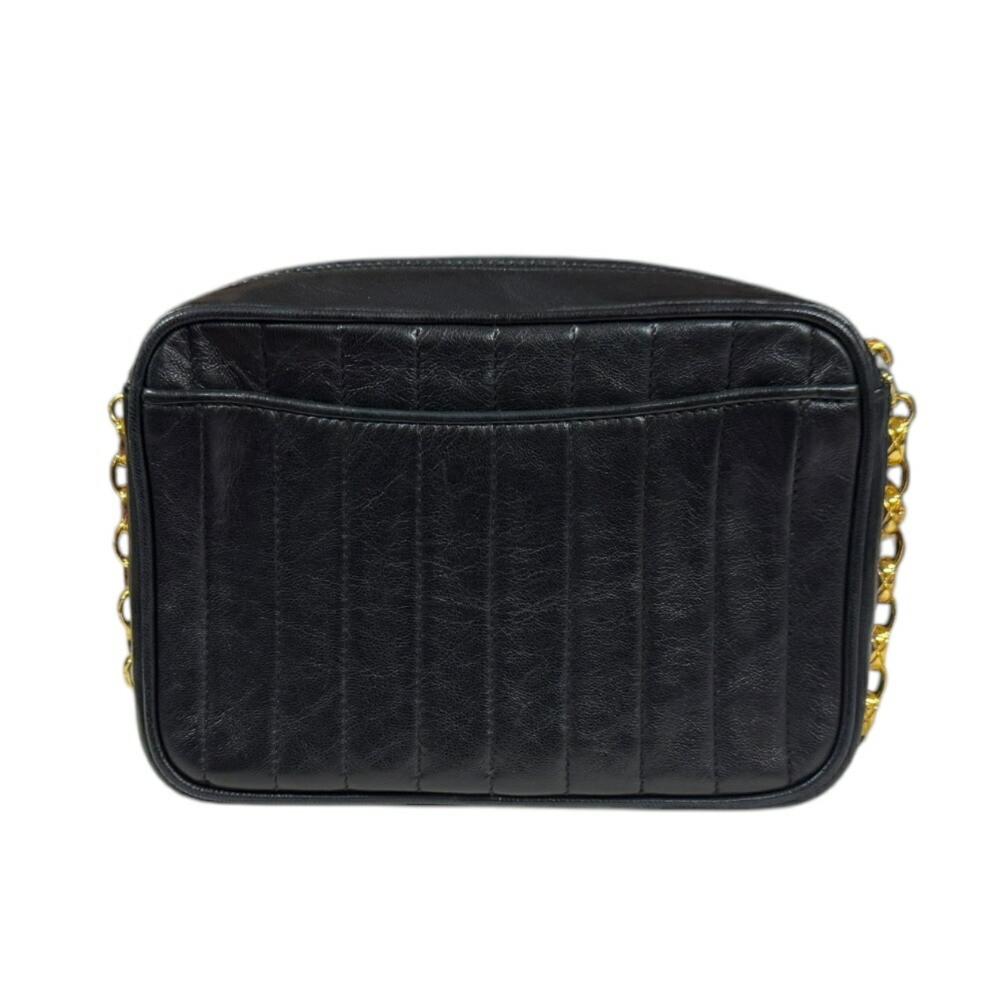 Black Suede Chanel Shoulder Bag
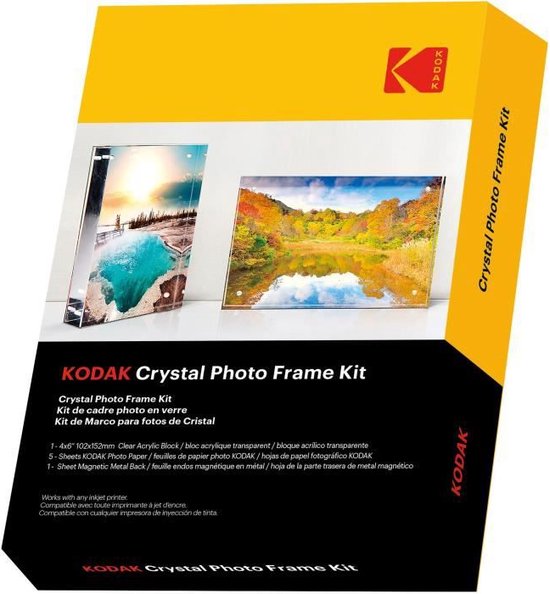 KODAK - Transparante lijst, A6 formaat (10x15cm) met 5 vellen fotopapier en  een... | bol.com
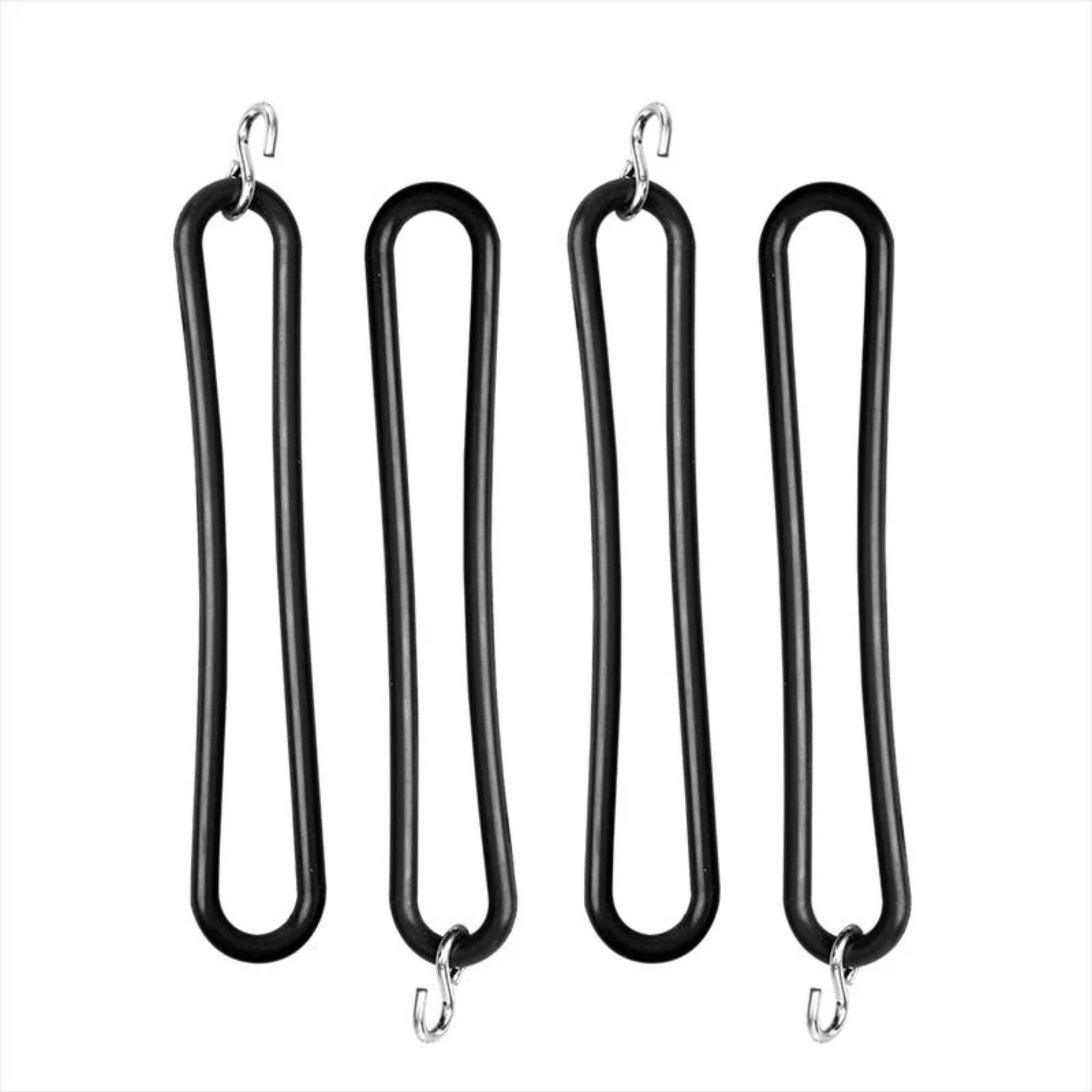 Proplus Spanrubber 200 Mm Met S-Haak 4 Stuks Proplus Spanrubber 200 Mm Met S-Haak 4 Stuks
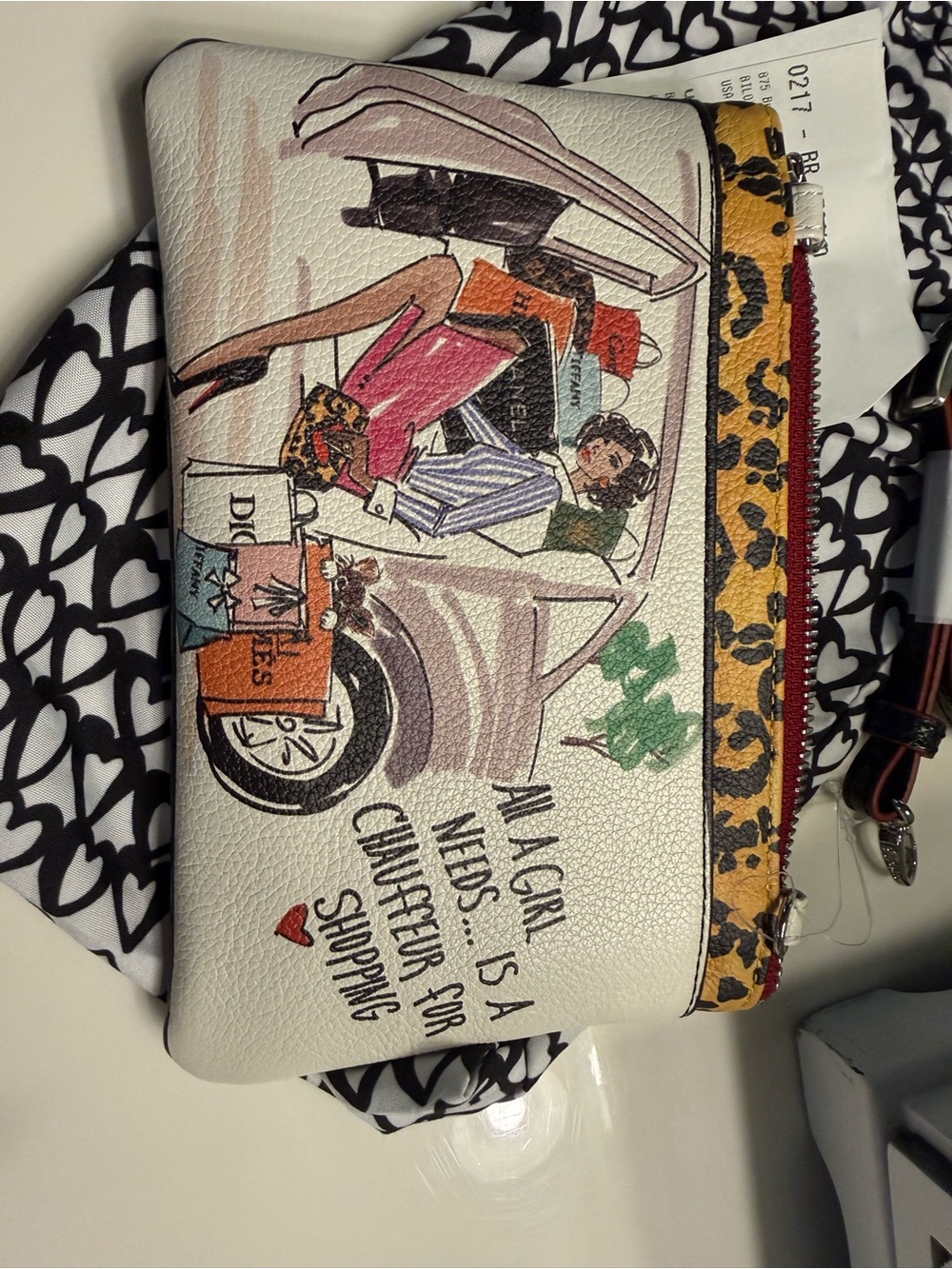 New With Tags Brighton Fashionista Wristlet Clutch in Multicolor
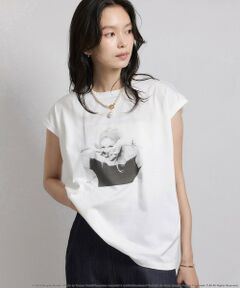 ROPE' / ロペ Tシャツ | 【Brigitte Bardot×ROPE'・コラボ】プリントアームレットT-shirt【洗える・洗濯耐久性・接触冷感】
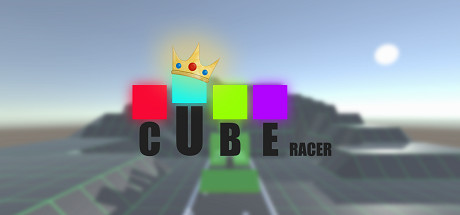 Steam header art for Cube Racer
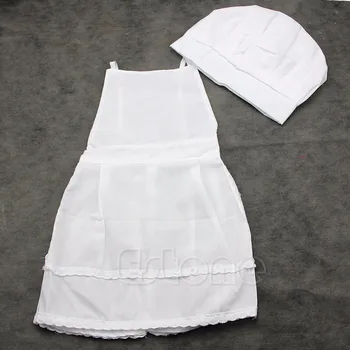 

Baby Cook Costume Photos Photography Prop Newborn Infant Hat Apron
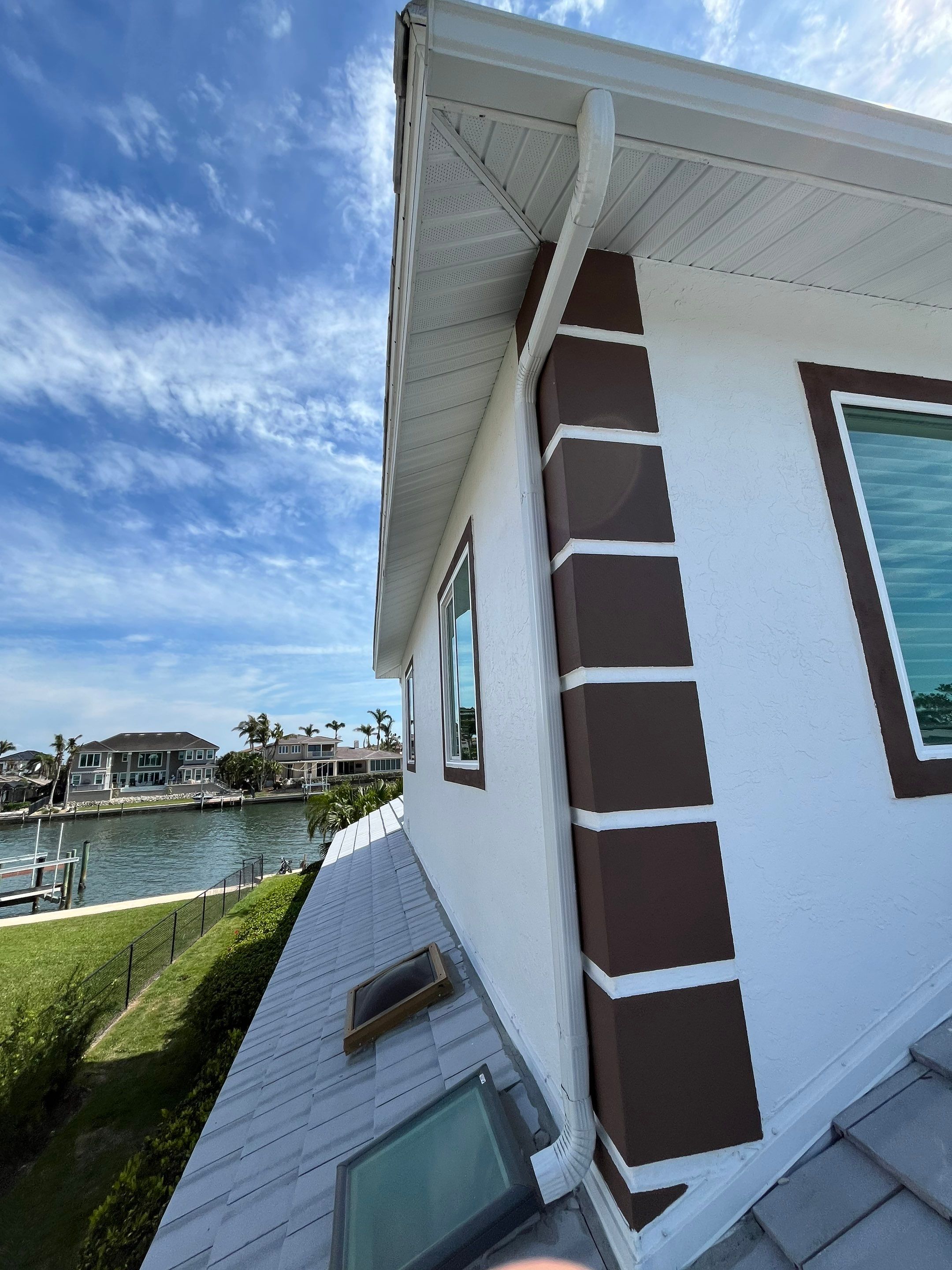 Repainting and Upgrading Gutters in Sarasota FL by Gutter Professors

☆ ☆ ☆ ☆

**DIRECTIONS**
The material above must be set down word for word, with no picture carried over.

**ANSWER SPACE**
 Black Suede Chanel Shoulder Bag
 KODAK - Transparante lijst, A6 formaat (10x15cm) met 5 vellen fotopapier en  een... | bol.com
 Proplus Spanrubber 200 Mm Met S-Haak 4 Stuks Proplus Spanrubber 200 Mm Met S-Haak 4 Stuks
 New With Tags Brighton Fashionista Wristlet Clutch in Multicolor
 ROPE' / ロペ Tシャツ | 【Brigitte Bardot×ROPE'・コラボ】プリントアームレットT-shirt【洗える・洗濯耐久性・接触冷感】
 Steam header art for Cube Racer

Baby Cook Costume Photos Photography Prop Newborn Infant Hat Apron
 Repainting and Upgrading Gutters in Sarasota FL by Gutter Professors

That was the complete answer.